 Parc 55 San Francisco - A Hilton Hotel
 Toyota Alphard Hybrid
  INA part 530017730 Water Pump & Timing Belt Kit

* * *

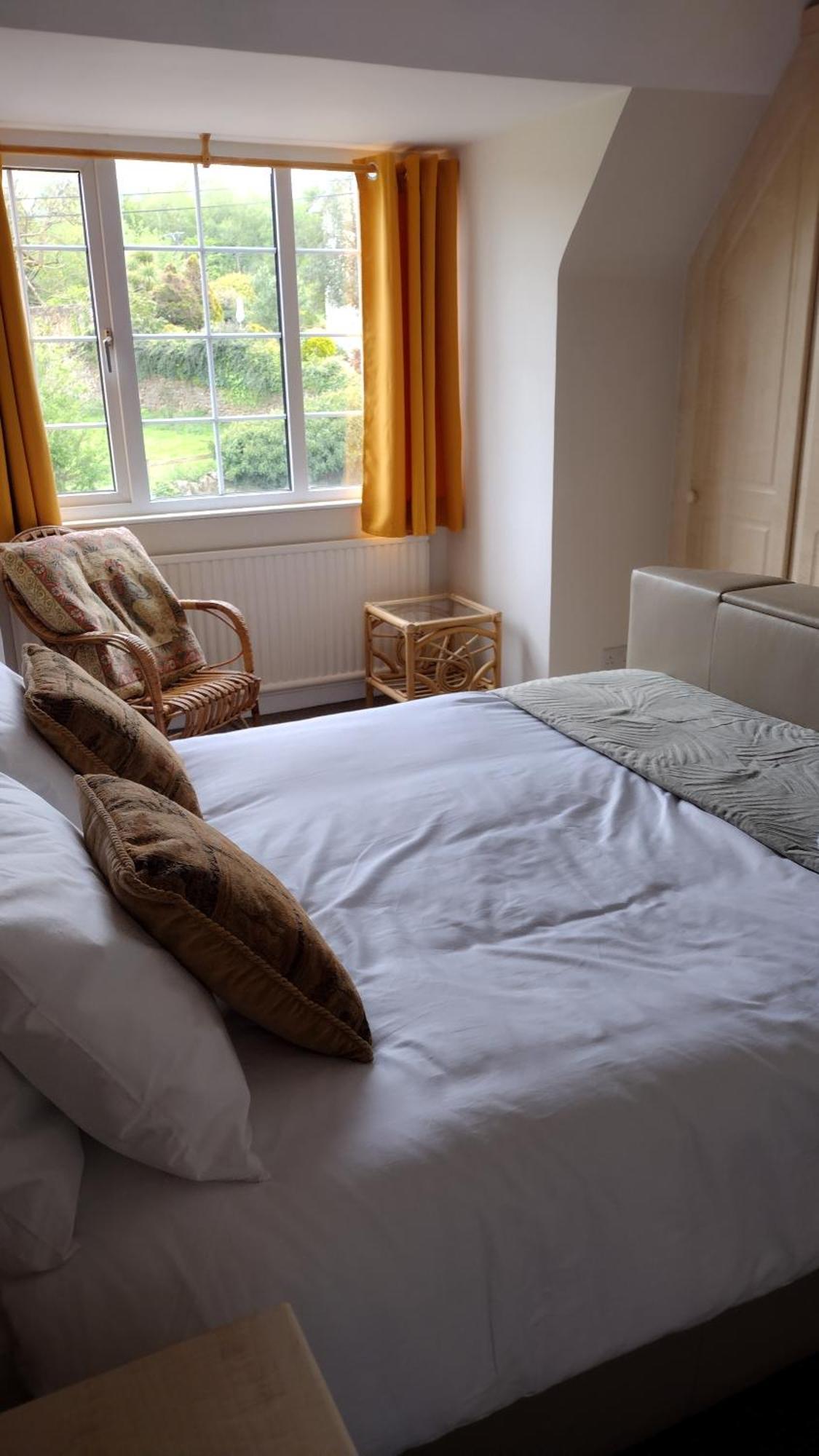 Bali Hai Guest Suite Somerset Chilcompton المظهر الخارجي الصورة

-- TRY IT --
Among the entries above, locate the lines containing "Toyota Alphard Hybrid" and "INA part 530017730", and transcribe exactly those two lines and all lines between.

-- TASK RESPONSE --
 Toyota Alphard Hybrid
  INA part 530017730 Water Pump & Timing Belt Kit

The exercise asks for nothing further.